Donald Trump gives me hope

Just FYI (click to expand)
Election night is a weird sort of strangled Super Bowl. Only instead of a trophy the winner gets to influence the country for four years, but as spectators we just watch to see if Our Team wins.
Terrible, terrible mindset.
This team mentality, “My party right or wrong” is a fundamental part of how our political process got so off track. By any objective assessment, Trump is at best uninformed, but far more likely a narcissistic danger to the wellbeing of this country, economy, and safety throughout the world. Voting for him because he’s your team is just irresponsible.
He wants to give nuclear weapons to more countries, including multiple involved in the volatile South China Sea conflict, and Saudi Arabia, apparently unaware that if it’s okay to give nukes to one’s allies, then everyone will have them, because everyone is allies with someone. That’s just ignorant, dangerous, and in the fundamental lack of awareness of what a nuclear weapon really means, it’s sociopathic.

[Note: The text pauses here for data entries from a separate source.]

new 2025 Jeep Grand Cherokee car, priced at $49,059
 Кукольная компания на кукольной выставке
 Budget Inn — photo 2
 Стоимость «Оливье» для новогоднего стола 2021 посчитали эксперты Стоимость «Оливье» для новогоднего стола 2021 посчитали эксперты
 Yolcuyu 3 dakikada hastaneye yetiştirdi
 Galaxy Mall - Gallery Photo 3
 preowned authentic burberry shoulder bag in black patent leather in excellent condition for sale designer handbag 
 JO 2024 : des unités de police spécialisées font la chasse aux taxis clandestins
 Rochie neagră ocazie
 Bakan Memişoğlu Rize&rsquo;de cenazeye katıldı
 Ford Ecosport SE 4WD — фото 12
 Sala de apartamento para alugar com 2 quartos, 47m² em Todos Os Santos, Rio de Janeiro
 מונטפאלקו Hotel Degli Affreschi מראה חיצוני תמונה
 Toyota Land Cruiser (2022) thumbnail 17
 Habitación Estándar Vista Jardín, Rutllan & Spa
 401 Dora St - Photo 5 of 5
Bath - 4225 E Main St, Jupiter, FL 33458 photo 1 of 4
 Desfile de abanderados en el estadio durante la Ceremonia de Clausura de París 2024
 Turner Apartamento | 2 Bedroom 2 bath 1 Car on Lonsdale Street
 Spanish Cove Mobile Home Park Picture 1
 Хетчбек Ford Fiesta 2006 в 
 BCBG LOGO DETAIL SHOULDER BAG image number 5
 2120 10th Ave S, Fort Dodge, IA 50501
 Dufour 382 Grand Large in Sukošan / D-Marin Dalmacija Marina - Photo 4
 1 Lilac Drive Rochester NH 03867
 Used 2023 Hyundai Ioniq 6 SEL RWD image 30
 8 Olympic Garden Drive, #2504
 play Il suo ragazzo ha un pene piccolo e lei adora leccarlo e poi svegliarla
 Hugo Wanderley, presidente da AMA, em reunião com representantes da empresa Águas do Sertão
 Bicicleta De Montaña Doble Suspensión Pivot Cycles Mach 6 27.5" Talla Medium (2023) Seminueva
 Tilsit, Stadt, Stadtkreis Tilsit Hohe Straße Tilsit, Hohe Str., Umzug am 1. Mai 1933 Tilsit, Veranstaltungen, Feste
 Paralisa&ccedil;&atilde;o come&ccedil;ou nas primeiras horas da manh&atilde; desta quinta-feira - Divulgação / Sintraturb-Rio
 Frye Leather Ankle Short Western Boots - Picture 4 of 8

I find GIFs annoying, but this is how I feel when Trump talks about NATO
Trump invited the most dangerous country on Earth to engage in cyber espionage against the sitting US Secretary of State because she’s his political opponent. That’s both immoral and treasonous. And again, shows a complete lack of understanding of the things he’s playing with plus a sociopathic willingness to cause immense harm for his own short-term gain.
Using misdirected fear and hatred to blame entirely the wrong people because racism is easy. Not my America.
Opposing our fundamental right to free speech, both in the courts and at demonstrations, even inciting violence to stop it, that’s just un-American. No, that’s fundamentally uncivilized. Punch someone if they disagree with you? I thought we left that attitude in the caves.
Suggesting/joking about assassinating his political rival. Again, fundamentally against our shared values. It’s not that I just disagree with his policies, I disagree with Trump’s very notion of humanity. And what’s so scary is that I could continue this list all day. It’s like John Oliver said, any one of these incidents would be like stepping on a nail, but he has so many repetitions of insanity, immorality, and downright idiocy that we just sort of cruise across the top of a bed of nails without any managing to really penetrate.
But that’s all pretty dreary. So where’s the hopeful part?

Or just the primaries
Trump is spectacularly unqualified and inadequate to the job of president. And in the bizarre world of PR campaigns and willfully misinformed voters, that alone might not be enough to stop him. But he’s also fundamentally un-American. That might matter.
Hating Hillary is a like a religion for many, while she just leaves others uninspired. I get why people don’t love her. But here’s the thing: After decades of rampant gerrymandering and $billions of Koch brothers money, the Republicans have congress pretty well locked up. Republicans in congress aren’t going to let Hillary get anything done.
So unfortunately, a vote for Hillary is a vote for the status quo. Our congressional system of gridlock means she won’t be able to build any new structures. But while it takes a lot of people working together to build a house, it only takes one cheeto-colored madman to burn it down.
A vote for Trump is a vote for incomprehension, intolerance, volatility (we don’t want to see how that reflects in the markets), and immoral narcissism.
Personally, I have more faith in America than that. And that’s where the hope gets in.
Because imagine election night…and we all watch…as the entire map…turns blue.
The entire country, rejecting Trump’s brand of hatred and ignorance, uniting to vote for sanity, even if you don’t like the policies.
What would that do for America? After years of demonizing each other, Karl Rove’s divisive politics, partisan vitriol and childish grandstanding, to be united, as a country, for sanity.
That idea. That idea gives me hope. So thank you, Mr Trump, for being so spectacularly unqualified and unstable that you might just push us into realizing how much our shared humanity matters.
Quite a headline for this post 🙂 Wish you a joyous weekend!!!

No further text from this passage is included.